Why You Should (Not) Prefer Monorepos For Git

Category:

Tags:

#DevOps

#GitHub

#Git

Published: June 23, 2023 Reading Time: 4 min

It’s a question I hear frequently, and it usually starts with someone questioning best practices for managing and maintaining a monorepo.

What are the best practices for adopting a monorepo approach to source code management?

They mention a decision to try to move in that direction, and they’d like to understand how I might recommend they proceed. In most cases, I recommend they don’t.

I understand the many reasons why teams consider a mono repo. In many cases, it simplifies complex dependency management for their code. In other cases, it makes it easier to ensure that related code is updated and managed together. Testing and pull requests can be coordinated very easily.

Invariably, however, the challenges will always appear. Developers will complain about being overwhelmed with notifications. Merge queues will become longer, delaying releases. Minor changes to production will require larger, slower deployments. Managing CODEOWNERS and pull requests start to get more complicated, with approvals blocking entire releases.

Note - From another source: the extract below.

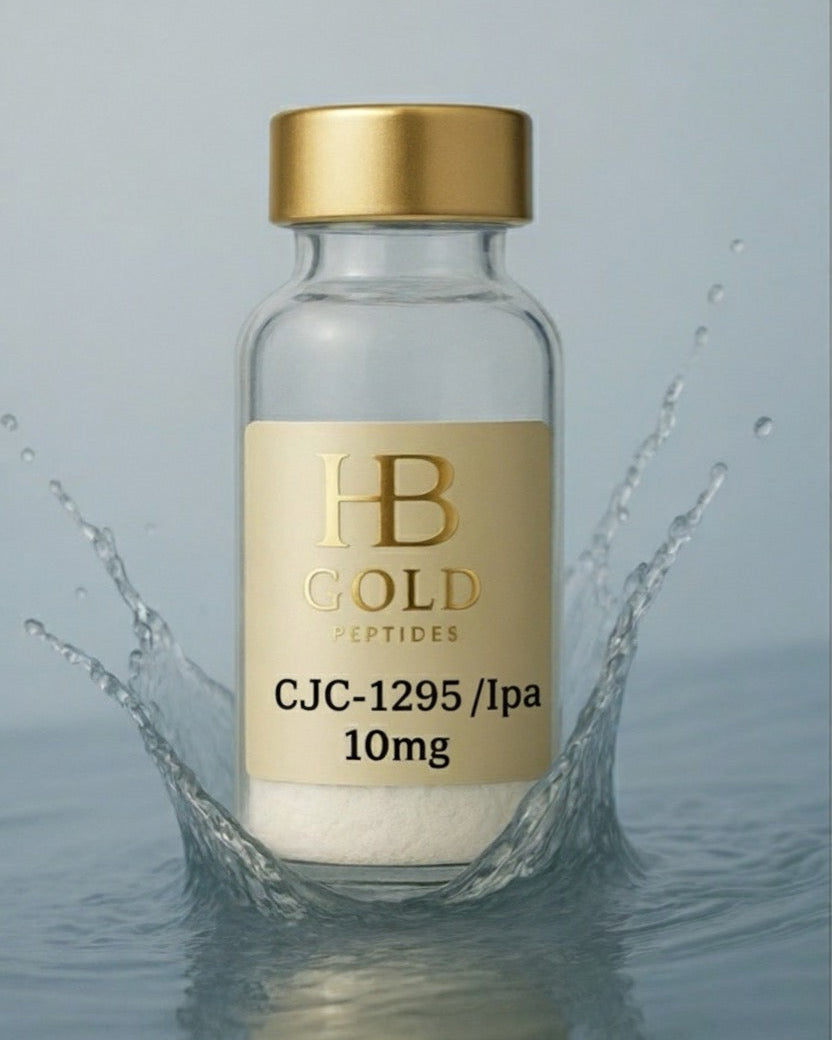 CJC-1295/ Ipamorelin 5mg/5mg 10mg (No DAC)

So how do large companies like Google make this work when so many others fail?

But Google and Facebook do it…

Frequently, I hear the objection – “but Google does it! If it works at their scale, it can work for me!” Unfortunately, this often misses the deeper details of the implementation. In 2016, Google published the details of their approach in Why Google Stores Billions of Lines of Code in a Single Repository (ACM, 2016). In short, their solution predates Git. It represents an evolution from a legacy centralized version control system. To support the number of files, they had to build custom file system drivers and other OS-level tooling. The core idea was to simplify dealing with complex C-based dependencies by managing them within a single repository. In the end, they built a customized source management system which requires dedicated teams and a budget for ongoing maintenance. Today, it would take millions of dollars of time and effort to migrate.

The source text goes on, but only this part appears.